Pubblicato il 22/12/2005 @ 10:31 in Giornali,Panorama


Partita Doppia

C’è un denominatore comune in tutte le battaglie bancarie estive, ed ora in quella d’autunno: sono tutti problemi di governance.
Governance di Banca d’Italia: se il problema è l’autoreferenzialità della Banca d’Italia, i poteri che hanno consentito al Governatore di far sì che gli assetti proprietari delle banche corrispondessero al suo personale disegno; l’essenziale dovrebbe essere riformare i poteri piuttosto sostituire un Governatore.

A dirlo, si è accusati – proprio dai Catoni che tuonano contro le leggi ad personam – di malcelata connivenza. Quello che la Commissione Europea sta valutando se mettere sotto accusa, è proprio il nostro sistema regolatorio. Tutto il contrario di quanto il wishful thinking suggerisce a giornalisti anche autorevoli, e cioè che avrebbe già messo sotto accusa Fazio.

Governance delle cooperative: lì vige il voto capitario, una testa un voto.
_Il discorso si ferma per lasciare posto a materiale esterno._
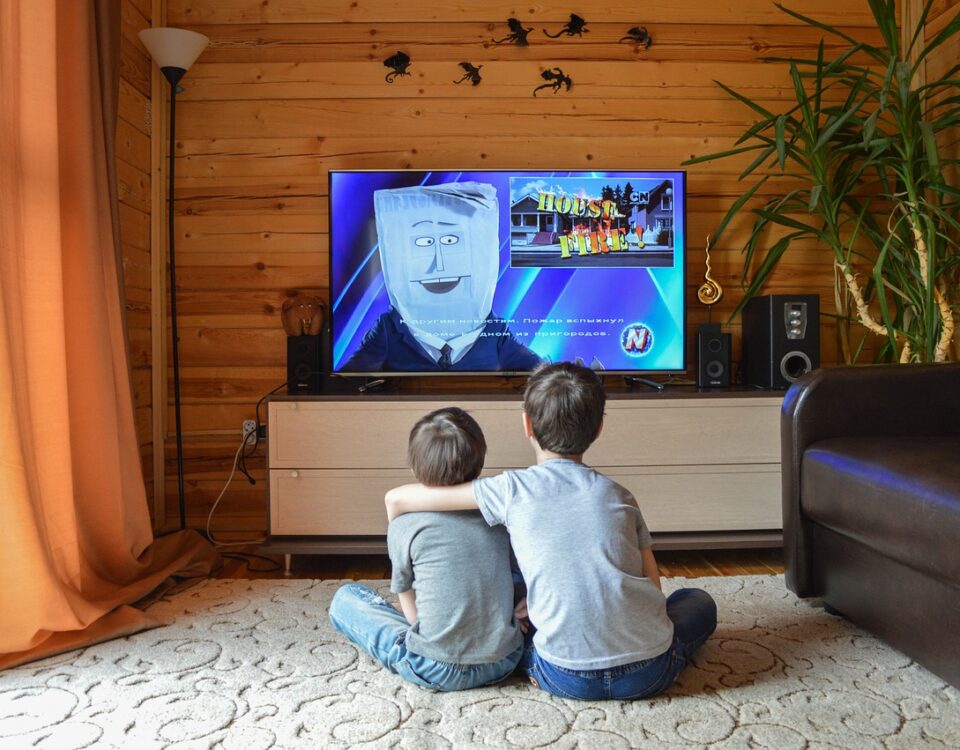 Economizando com opções alternativas de TV Economizando com opções alternativas de TV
Questo sistema è accettato senza problemi se si tratta di imprese di costruzioni o di distribuzione tra le maggiori d’Italia, ma non quando si tratta di banche. D’altro lato, l’equilibrio proprietario delle principali banche italiane si regge proprio sulle partecipazioni bancarie delle Fondazioni. E così si indagano con sospetto le simpatie politiche dei leader delle cooperative, mentre è accettato come un fatto di natura che ai vertici delle Fondazioni siano nominate persone in virtù delle loro dichiarate affiliazioni politiche, di rito ambrosiano o di rito senese .

Governance del sistema finanziario nel suo complesso. In teoria si fonda su Autorità indipendenti, Consob, e Banca d’Italia in primo luogo. Ma, come è stato autorevolmente osservato anche all’ultima riunione Aspen sul questo tema, l’irruzione delle procure rende i regolatori delle comparse all’ordine o alla mercè dei pubblici ministeri. Se si ritiene che ci sia stato un concerto, la conseguenza dovrebbe essere l’OPA obbligatoria: invece, al posto della soluzione di mercato, si reclama a gran voce la soluzione giustizialista, l’espulsione penale dalle società. E un’accusa facile da lanciare quanto difficile da provare, quale l’aggiotaggio, serve a sbarazzarsi di quanti hanno dato fastidio a quei soci di controllo della Fiat che per tutto l’estate hanno tenuto un comportamento verso il mercato sulla cui trasparenza si sono sollevate critiche pesanti.

Certo, i fatti personali sono più interessanti, le sbobinature delle intercettazioni più gustose, le proverbiali conseguenze a cui si va incontro scegliendo cattivi compagni di strada, consentono di ampliare il gioco a infinite combinazioni. Il solo vantaggio di cercare di distinguere le cause dalle conseguenze, le anomalie strutturali dai singoli fenomeni, è che risulta più facile orizzontarsi.